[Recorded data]
=====
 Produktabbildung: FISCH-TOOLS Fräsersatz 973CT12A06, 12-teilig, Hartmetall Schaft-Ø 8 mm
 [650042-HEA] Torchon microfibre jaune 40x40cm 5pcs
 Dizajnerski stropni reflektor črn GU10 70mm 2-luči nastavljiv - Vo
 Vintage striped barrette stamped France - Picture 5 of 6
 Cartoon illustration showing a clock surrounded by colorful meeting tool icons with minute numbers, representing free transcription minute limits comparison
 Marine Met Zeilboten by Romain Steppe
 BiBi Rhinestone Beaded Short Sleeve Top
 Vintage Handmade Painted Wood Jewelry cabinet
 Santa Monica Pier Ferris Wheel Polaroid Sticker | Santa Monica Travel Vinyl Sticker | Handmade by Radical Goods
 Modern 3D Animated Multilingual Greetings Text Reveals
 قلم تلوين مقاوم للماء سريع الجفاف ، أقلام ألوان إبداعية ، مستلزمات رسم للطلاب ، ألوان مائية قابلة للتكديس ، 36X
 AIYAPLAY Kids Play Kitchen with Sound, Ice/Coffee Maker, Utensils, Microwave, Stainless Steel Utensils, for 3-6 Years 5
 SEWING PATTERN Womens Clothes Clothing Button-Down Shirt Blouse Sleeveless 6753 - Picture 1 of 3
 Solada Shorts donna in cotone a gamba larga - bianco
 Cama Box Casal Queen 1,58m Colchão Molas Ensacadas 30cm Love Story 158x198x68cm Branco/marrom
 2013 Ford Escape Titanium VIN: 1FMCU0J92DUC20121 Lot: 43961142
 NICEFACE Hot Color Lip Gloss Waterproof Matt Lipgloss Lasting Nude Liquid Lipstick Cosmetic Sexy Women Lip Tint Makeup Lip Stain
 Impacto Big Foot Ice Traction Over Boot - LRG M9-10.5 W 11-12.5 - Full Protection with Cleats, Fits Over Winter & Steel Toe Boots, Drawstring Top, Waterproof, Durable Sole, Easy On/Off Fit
=====
> [HOW TO COMPLETE THIS TASK]: Exactly as written, please transcribe the lines from the start of the records above to the line that holds "Cama Box Casal", both ends included.

> [FINISHED EXERCISE]:
 Produktabbildung: FISCH-TOOLS Fräsersatz 973CT12A06, 12-teilig, Hartmetall Schaft-Ø 8 mm
 [650042-HEA] Torchon microfibre jaune 40x40cm 5pcs
 Dizajnerski stropni reflektor črn GU10 70mm 2-luči nastavljiv - Vo
 Vintage striped barrette stamped France - Picture 5 of 6
 Cartoon illustration showing a clock surrounded by colorful meeting tool icons with minute numbers, representing free transcription minute limits comparison
 Marine Met Zeilboten by Romain Steppe
 BiBi Rhinestone Beaded Short Sleeve Top
 Vintage Handmade Painted Wood Jewelry cabinet
 Santa Monica Pier Ferris Wheel Polaroid Sticker | Santa Monica Travel Vinyl Sticker | Handmade by Radical Goods
 Modern 3D Animated Multilingual Greetings Text Reveals
 قلم تلوين مقاوم للماء سريع الجفاف ، أقلام ألوان إبداعية ، مستلزمات رسم للطلاب ، ألوان مائية قابلة للتكديس ، 36X
 AIYAPLAY Kids Play Kitchen with Sound, Ice/Coffee Maker, Utensils, Microwave, Stainless Steel Utensils, for 3-6 Years 5
 SEWING PATTERN Womens Clothes Clothing Button-Down Shirt Blouse Sleeveless 6753 - Picture 1 of 3
 Solada Shorts donna in cotone a gamba larga - bianco
 Cama Box Casal Queen 1,58m Colchão Molas Ensacadas 30cm Love Story 158x198x68cm Branco/marrom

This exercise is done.